• INPUT DATA:
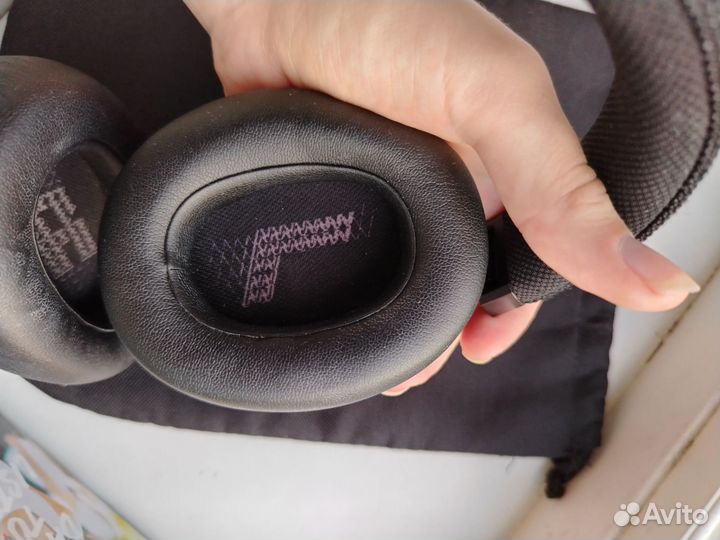 Беспроводные наушники jbl live 660 nc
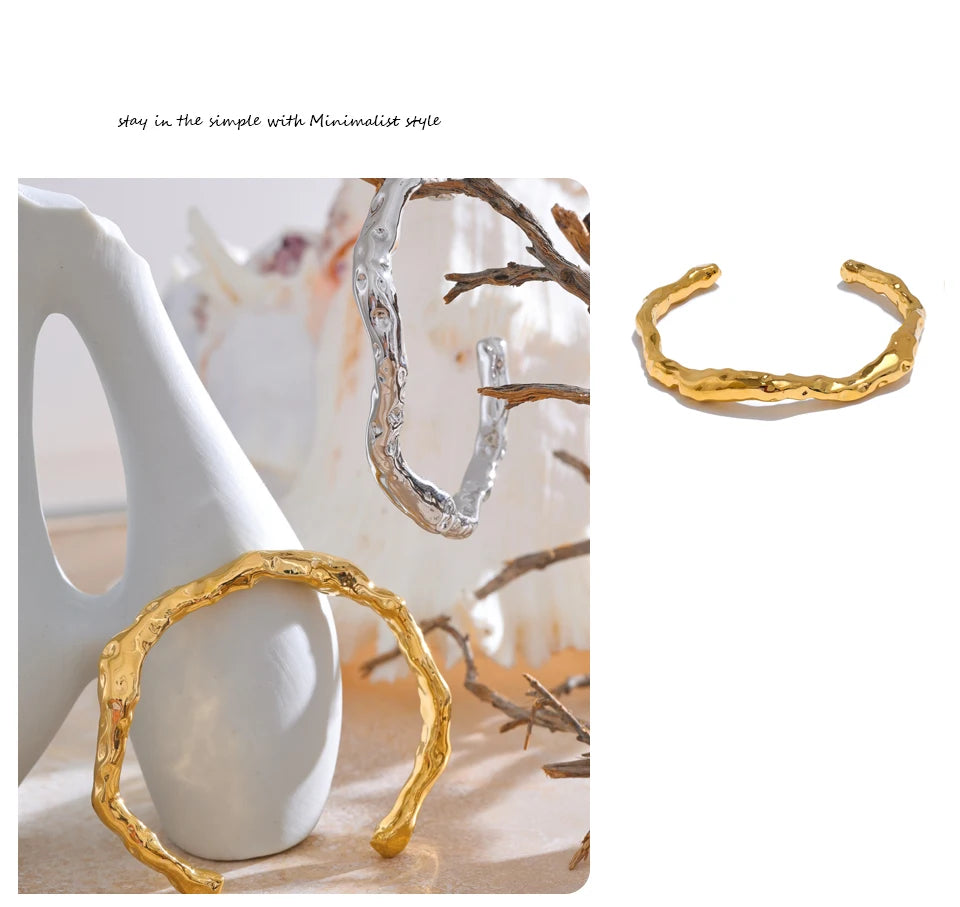 Hammered minimalist geometric bracelet in gold-plated stainless steel.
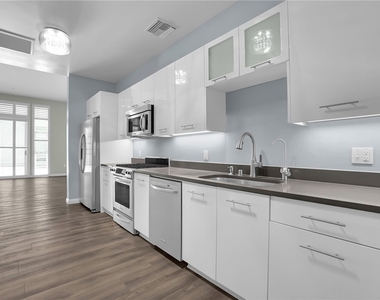238 S Arroyo Pkwy - Photo Thumbnail 5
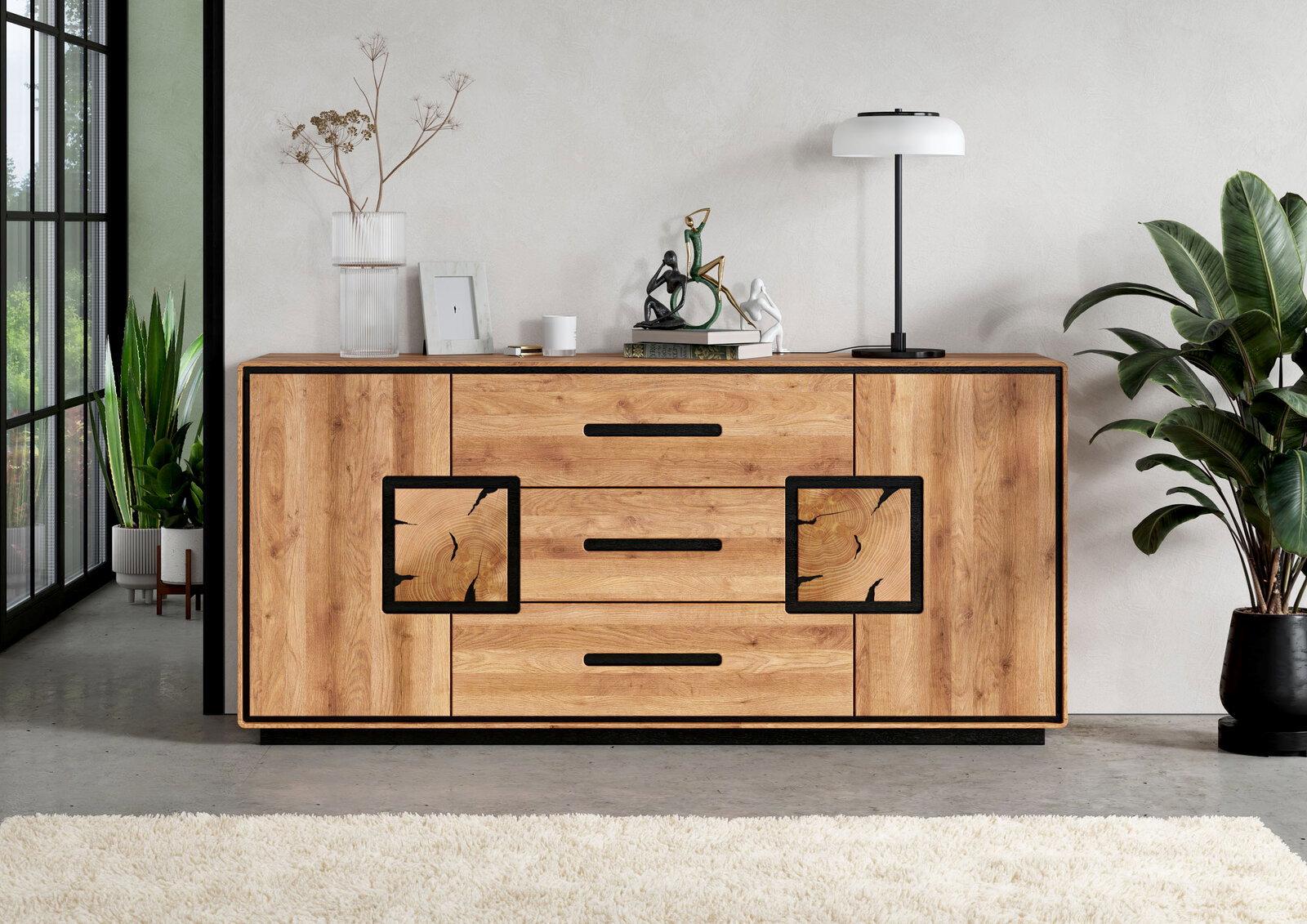 Moderne Holz-Kommode/Sideboard in Eiche-Optik mit schwarzen Griffleisten und dekorativen schwarzen Quadratelementen auf den Schubladen, frontal aus Augenhöhe fotografiert, in einem hellen Wohnraum mit Deko und Pflanzen.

• INSTRUCTIONS TO FOLLOW: What you print must be exactly the lines from the one containing "238 S Arroyo Pkwy - Photo Thumbnail 5" through the last line of the material, and no pictures.

• ANSWER SPACE:
238 S Arroyo Pkwy - Photo Thumbnail 5
 Moderne Holz-Kommode/Sideboard in Eiche-Optik mit schwarzen Griffleisten und dekorativen schwarzen Quadratelementen auf den Schubladen, frontal aus Augenhöhe fotografiert, in einem hellen Wohnraum mit Deko und Pflanzen.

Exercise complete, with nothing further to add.